Belly dancing troupes featured prominently on Wulindadao (舞林大道), a popular television dance competition, US-based troupe Bellydance Superstars recently made a well-received second tour of the country (and already have another trip planned) and students, who range from kindergartners to office workers and grandmothers, are attracted to the dance’s graceful but challenging movements.

Belly dancing classes were initially advertised as a way for girlfriends and wives to please their partners, remembers dancer and instructor Betty Lee (李梅林), who with her troupe the Shimmy Tribe made it to 16th place out of more than 150 competitors on Wulindadao. But she scoffs at the notion of belly dancing as a mere seduction technique.

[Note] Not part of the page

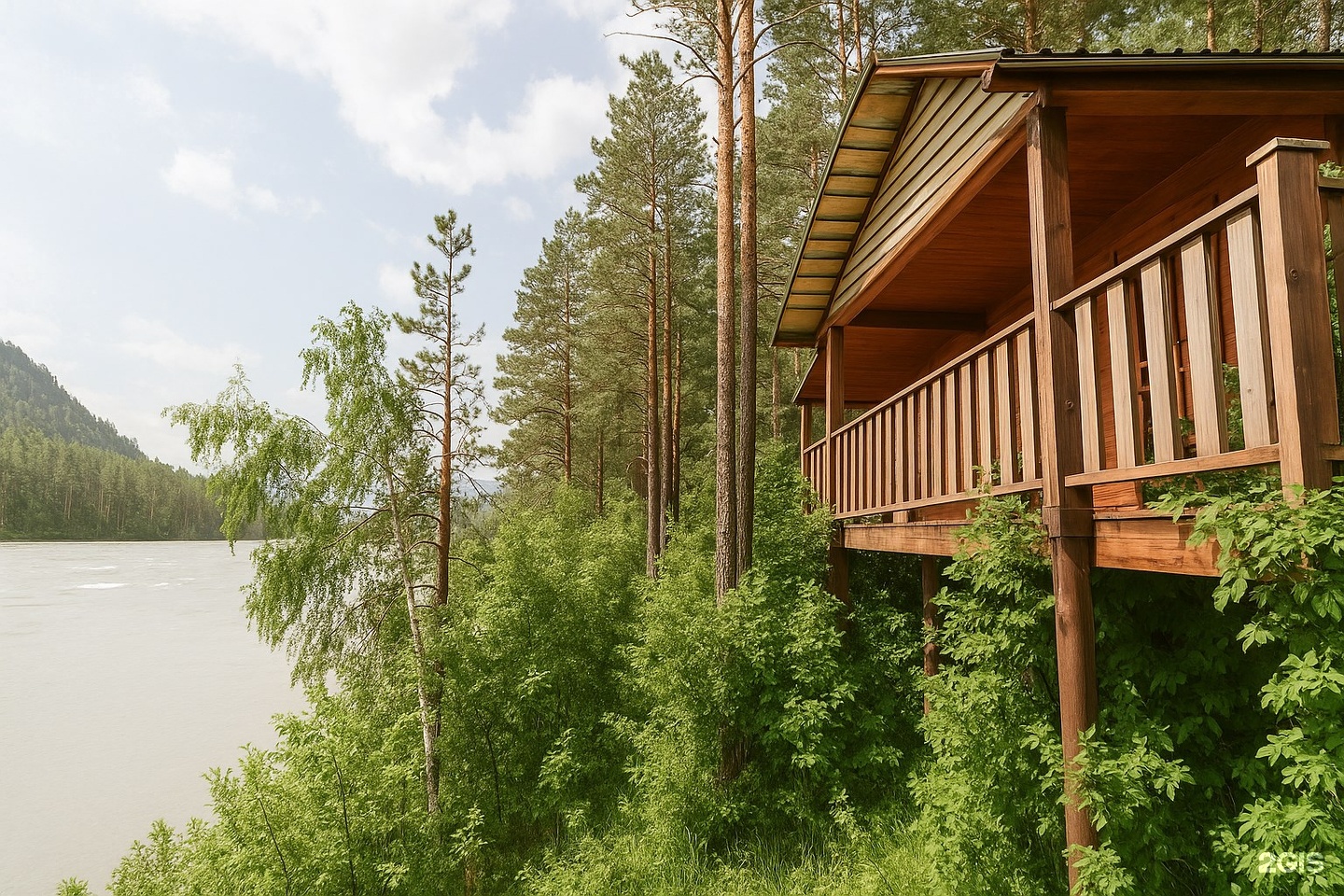 Дом Катунь - фото 5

“We have to understand the music and what rhythm is. We have know how to fit the right movements to the music,” says Lee. “Dancers don’t dance to please men. They do it for themselves.”

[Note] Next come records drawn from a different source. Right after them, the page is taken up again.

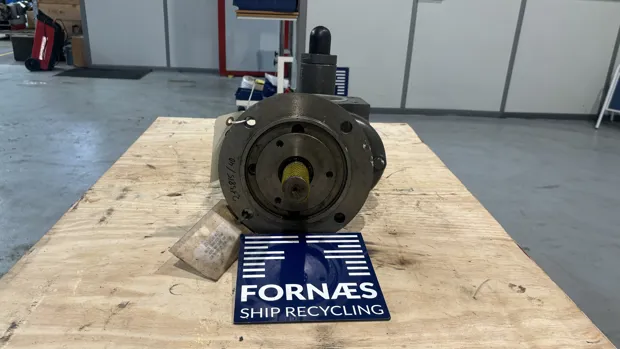 Image 5 of 10 - Kracht - KF 6/400 H20B N00 7FP1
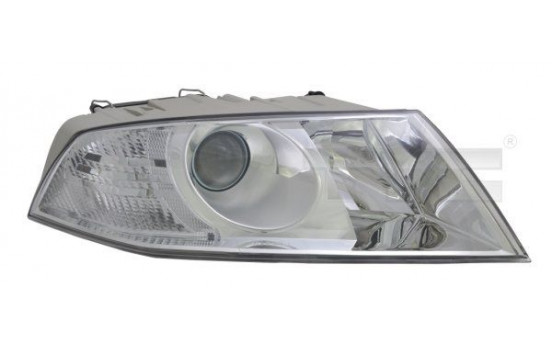 Headlight right 20-12335-05-2 TYC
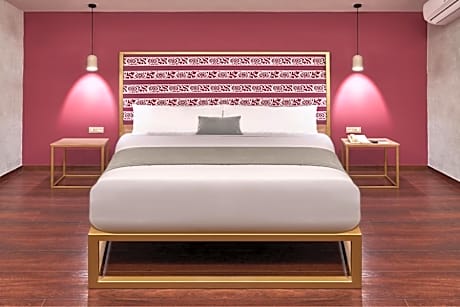 Room, 1 King Bed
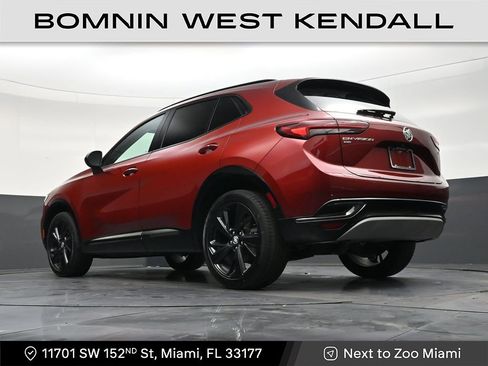 Used 2023 Buick Envision Preferred w/ Sport Touring Package image 23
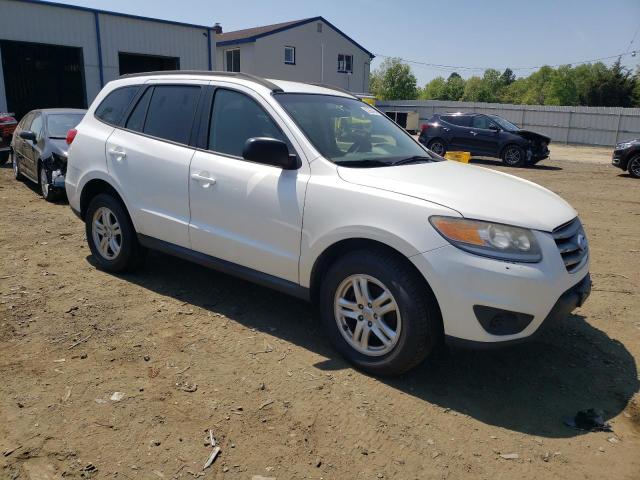 2012 Hyundai Santa Fe Gls VIN: 5XYZGDABXCG101118 Lot: 53269494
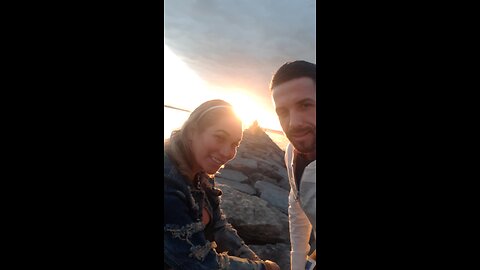 May 9th 2024 X SunSet With My Soulmate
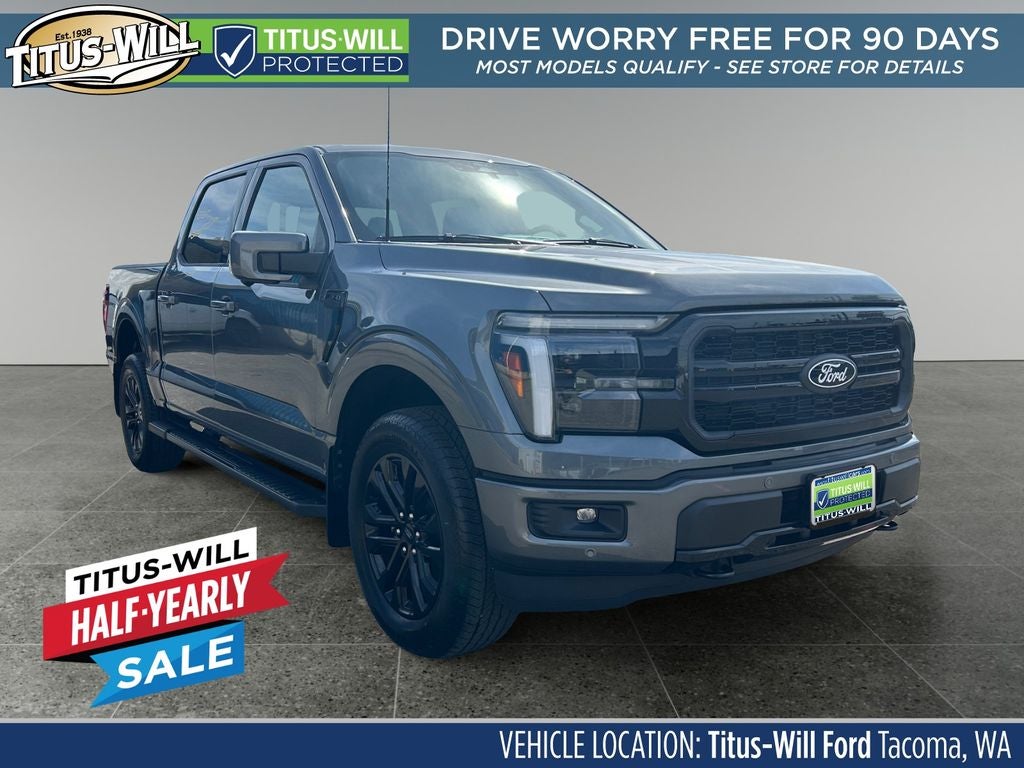 2025 Ford F-150 Lariat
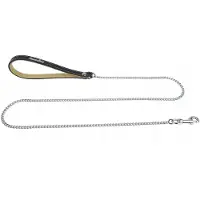 Champion Hondenriemketting met Kleihandvat - 110 cm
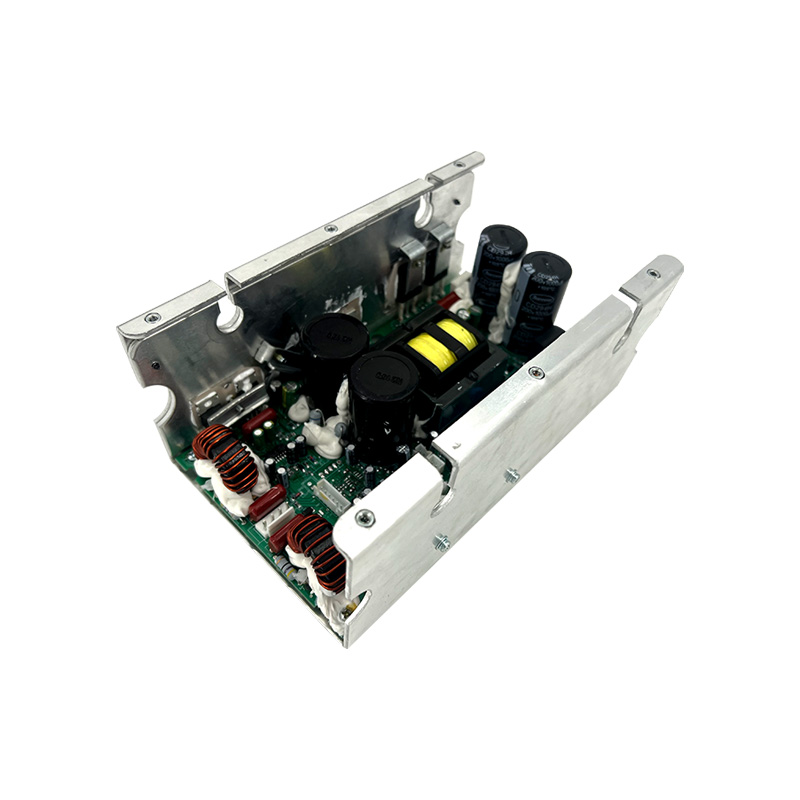 EON521: LP750W+HP200W LLC Modul Amplifier Daya Speaker PA Resonansi Keandalan Tinggi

She also credits belly dancing’s popularity to its body-positive message. “When women take up belly dancing, they learn how attractive they are. The dance is based on women’s shapes and women’s muscles that are totally different from what men have,” Lee says. She also notes that routines with male partners are almost completely absent from belly dance choreography.

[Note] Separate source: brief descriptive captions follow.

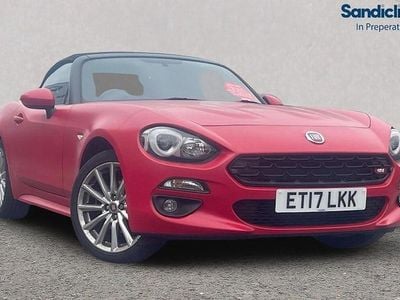Fiat 124 Spider
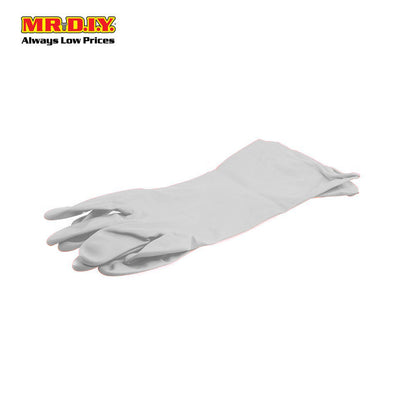 (MR.DIY) Rubber Gloves L (2pcs)
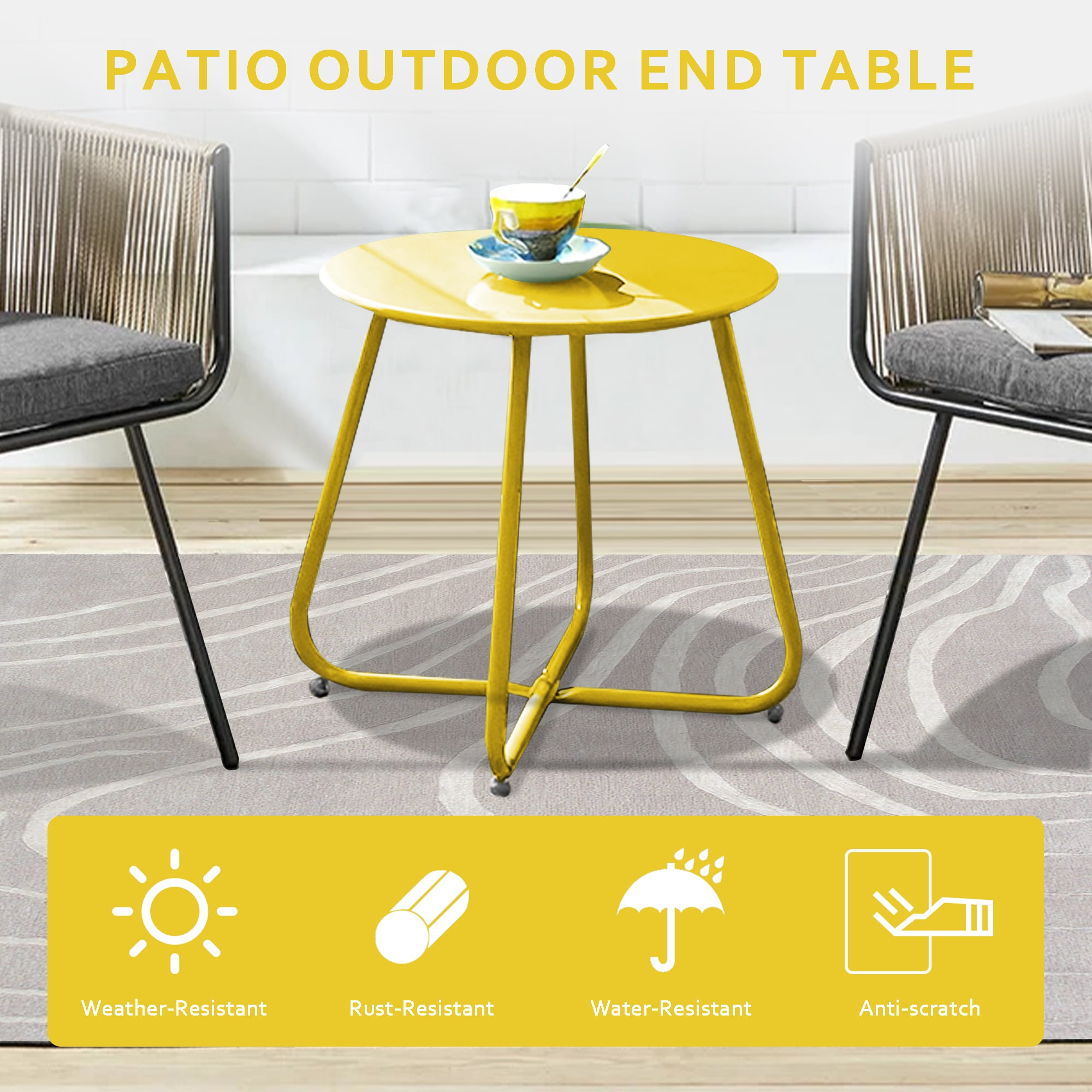 Sunrinx OD-34-HWTZ Patio-Tables - View #8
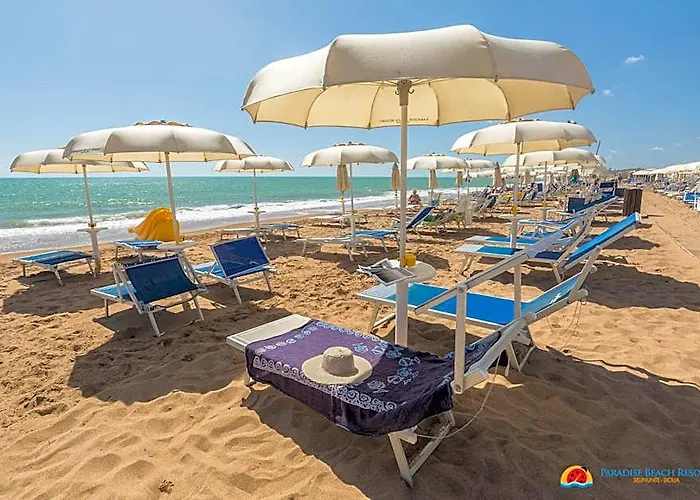 Paradise Beach Resort Selinunte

Lee took her first belly dancing class six years ago. She saw it as an extension of her interest in Arabic culture and was frustrated when her instructor was unable to answer her questions about belly dance traditions. So she decided to do her own research on the Internet, where she discovered the diversity of dance styles and their rich history.

“It was just so amazing to me,” says Lee, who has since built a Web site (www.bellydancing.com.tw), taken research trips to Egypt and Turkey and performed at Tribal Fest, an annual alternative dance festival in San Francisco. She and her dancing partner, Essa Wen (聞子儀), teach different styles of belly dancing (including a street dance fusion) at studios throughout Taipei and Taichung. In their classes, Lee and Wen emphasize the cultural depth of belly dance, explaining the origin and meaning of dance movements, costumes (coins and shells sewn onto costumes are meant to symbolize wealth, for example) and props like finger cymbals and Moroccan drums.

Students are sometimes eager to jump into choreographed routines, but Lee emphasizes building a solid foundation first.

“Sometimes I tell them to put their hands on my waist and tell them to feel how I use my muscles,” says Lee, “Belly dance is all about isolation. The muscle isolation is different from that of other dances, and that’s not easy.”

In a recent class taught by dancer and instructor Jenny Lin (林麗美) at Songshan Community College (松山社區大學) near the Core Pacific City Mall (京華城) in Taipei City, exercises included practicing how to focus on swaying waists and hips in one direction while keeping arms flowing gracefully in the opposite direction, footwork and dancing with a partner. It wasn’t easy — Lin kept a close eye on her students in the studio’s mirror, constantly calling out directions and floating from student to student, correcting their posture or the position of their limbs. But there was a lot of laughter and joking among the 38 students, who represented a wide range of experience levels, ages and body types.